Of the entries below, restate word for word only the section that runs from the line with "Liệu Đơn Phương" to the line with "Colorante líquido de", counting both ends.
Top of Material shown
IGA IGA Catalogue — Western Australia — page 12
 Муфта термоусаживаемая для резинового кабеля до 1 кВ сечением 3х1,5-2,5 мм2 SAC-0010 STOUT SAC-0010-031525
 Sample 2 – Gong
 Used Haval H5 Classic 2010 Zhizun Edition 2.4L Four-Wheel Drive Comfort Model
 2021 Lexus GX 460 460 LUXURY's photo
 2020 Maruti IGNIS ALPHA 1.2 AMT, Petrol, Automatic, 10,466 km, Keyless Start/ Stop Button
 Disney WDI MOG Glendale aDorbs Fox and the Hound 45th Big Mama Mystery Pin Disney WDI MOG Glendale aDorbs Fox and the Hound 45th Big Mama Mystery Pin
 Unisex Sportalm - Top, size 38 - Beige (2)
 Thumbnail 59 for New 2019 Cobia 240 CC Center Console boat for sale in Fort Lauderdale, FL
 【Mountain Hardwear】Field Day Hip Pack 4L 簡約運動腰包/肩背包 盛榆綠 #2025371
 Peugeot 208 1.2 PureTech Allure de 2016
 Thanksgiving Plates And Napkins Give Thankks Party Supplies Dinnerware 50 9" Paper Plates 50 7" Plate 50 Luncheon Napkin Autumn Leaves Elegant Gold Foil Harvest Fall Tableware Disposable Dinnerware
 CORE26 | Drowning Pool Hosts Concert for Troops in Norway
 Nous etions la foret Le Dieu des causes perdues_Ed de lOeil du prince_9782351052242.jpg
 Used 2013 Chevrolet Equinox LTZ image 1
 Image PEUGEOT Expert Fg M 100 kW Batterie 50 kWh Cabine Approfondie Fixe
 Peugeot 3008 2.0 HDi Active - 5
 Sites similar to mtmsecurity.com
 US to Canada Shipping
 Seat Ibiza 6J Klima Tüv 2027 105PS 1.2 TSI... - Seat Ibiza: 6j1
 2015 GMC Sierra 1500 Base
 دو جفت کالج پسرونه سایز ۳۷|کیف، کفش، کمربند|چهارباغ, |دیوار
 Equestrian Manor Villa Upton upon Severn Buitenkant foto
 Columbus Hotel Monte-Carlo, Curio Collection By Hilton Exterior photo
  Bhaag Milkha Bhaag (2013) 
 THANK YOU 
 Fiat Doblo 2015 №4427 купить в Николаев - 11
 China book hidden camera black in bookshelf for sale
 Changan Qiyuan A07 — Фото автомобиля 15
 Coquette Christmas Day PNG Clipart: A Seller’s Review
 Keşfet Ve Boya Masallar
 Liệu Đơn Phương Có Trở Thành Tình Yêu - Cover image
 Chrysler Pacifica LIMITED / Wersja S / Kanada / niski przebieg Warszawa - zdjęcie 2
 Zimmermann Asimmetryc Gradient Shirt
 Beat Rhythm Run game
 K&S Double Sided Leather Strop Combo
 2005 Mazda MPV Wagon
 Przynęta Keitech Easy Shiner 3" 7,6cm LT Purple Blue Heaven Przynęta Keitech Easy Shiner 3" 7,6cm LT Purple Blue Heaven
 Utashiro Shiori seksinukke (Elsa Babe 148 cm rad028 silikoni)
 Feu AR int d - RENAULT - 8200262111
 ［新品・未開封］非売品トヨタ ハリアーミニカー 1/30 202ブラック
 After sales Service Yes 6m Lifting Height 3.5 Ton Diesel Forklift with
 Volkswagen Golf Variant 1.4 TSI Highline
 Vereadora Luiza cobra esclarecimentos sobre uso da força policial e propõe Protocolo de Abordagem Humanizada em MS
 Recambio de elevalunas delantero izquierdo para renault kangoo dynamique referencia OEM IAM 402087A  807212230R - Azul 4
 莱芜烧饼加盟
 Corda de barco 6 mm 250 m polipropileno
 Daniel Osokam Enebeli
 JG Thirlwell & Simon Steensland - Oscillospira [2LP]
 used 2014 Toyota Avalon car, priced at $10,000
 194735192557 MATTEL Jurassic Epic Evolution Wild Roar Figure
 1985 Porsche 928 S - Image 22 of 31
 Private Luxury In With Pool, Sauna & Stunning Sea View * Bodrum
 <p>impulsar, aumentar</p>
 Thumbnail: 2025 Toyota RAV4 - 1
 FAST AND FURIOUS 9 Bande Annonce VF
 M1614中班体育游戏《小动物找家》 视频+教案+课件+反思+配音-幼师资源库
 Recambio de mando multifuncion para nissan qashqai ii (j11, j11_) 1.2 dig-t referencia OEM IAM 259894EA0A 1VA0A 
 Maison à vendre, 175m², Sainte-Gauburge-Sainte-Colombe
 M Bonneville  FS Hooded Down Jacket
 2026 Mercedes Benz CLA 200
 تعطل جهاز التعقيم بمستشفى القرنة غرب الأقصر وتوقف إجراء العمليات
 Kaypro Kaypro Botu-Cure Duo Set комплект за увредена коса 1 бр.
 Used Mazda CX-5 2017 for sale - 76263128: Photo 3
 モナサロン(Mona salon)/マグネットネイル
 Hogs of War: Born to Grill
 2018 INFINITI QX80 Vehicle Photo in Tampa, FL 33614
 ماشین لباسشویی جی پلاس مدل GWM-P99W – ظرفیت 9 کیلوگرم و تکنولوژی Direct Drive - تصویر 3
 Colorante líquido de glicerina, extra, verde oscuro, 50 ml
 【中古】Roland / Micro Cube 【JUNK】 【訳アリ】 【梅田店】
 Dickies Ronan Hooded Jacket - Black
Bottom of Material shown
Answer below
 Liệu Đơn Phương Có Trở Thành Tình Yêu - Cover image
 Chrysler Pacifica LIMITED / Wersja S / Kanada / niski przebieg Warszawa - zdjęcie 2
 Zimmermann Asimmetryc Gradient Shirt
 Beat Rhythm Run game
 K&S Double Sided Leather Strop Combo
 2005 Mazda MPV Wagon
 Przynęta Keitech Easy Shiner 3" 7,6cm LT Purple Blue Heaven Przynęta Keitech Easy Shiner 3" 7,6cm LT Purple Blue Heaven
 Utashiro Shiori seksinukke (Elsa Babe 148 cm rad028 silikoni)
 Feu AR int d - RENAULT - 8200262111
 ［新品・未開封］非売品トヨタ ハリアーミニカー 1/30 202ブラック
 After sales Service Yes 6m Lifting Height 3.5 Ton Diesel Forklift with
 Volkswagen Golf Variant 1.4 TSI Highline
 Vereadora Luiza cobra esclarecimentos sobre uso da força policial e propõe Protocolo de Abordagem Humanizada em MS
 Recambio de elevalunas delantero izquierdo para renault kangoo dynamique referencia OEM IAM 402087A  807212230R - Azul 4
 莱芜烧饼加盟
 Corda de barco 6 mm 250 m polipropileno
 Daniel Osokam Enebeli
 JG Thirlwell & Simon Steensland - Oscillospira [2LP]
 used 2014 Toyota Avalon car, priced at $10,000
 194735192557 MATTEL Jurassic Epic Evolution Wild Roar Figure
 1985 Porsche 928 S - Image 22 of 31
 Private Luxury In With Pool, Sauna & Stunning Sea View * Bodrum
 <p>impulsar, aumentar</p>
 Thumbnail: 2025 Toyota RAV4 - 1
 FAST AND FURIOUS 9 Bande Annonce VF
 M1614中班体育游戏《小动物找家》 视频+教案+课件+反思+配音-幼师资源库
 Recambio de mando multifuncion para nissan qashqai ii (j11, j11_) 1.2 dig-t referencia OEM IAM 259894EA0A 1VA0A 
 Maison à vendre, 175m², Sainte-Gauburge-Sainte-Colombe
 M Bonneville  FS Hooded Down Jacket
 2026 Mercedes Benz CLA 200
 تعطل جهاز التعقيم بمستشفى القرنة غرب الأقصر وتوقف إجراء العمليات
 Kaypro Kaypro Botu-Cure Duo Set комплект за увредена коса 1 бр.
 Used Mazda CX-5 2017 for sale - 76263128: Photo 3
 モナサロン(Mona salon)/マグネットネイル
 Hogs of War: Born to Grill
 2018 INFINITI QX80 Vehicle Photo in Tampa, FL 33614
 ماشین لباسشویی جی پلاس مدل GWM-P99W – ظرفیت 9 کیلوگرم و تکنولوژی Direct Drive - تصویر 3
 Colorante líquido de glicerina, extra, verde oscuro, 50 ml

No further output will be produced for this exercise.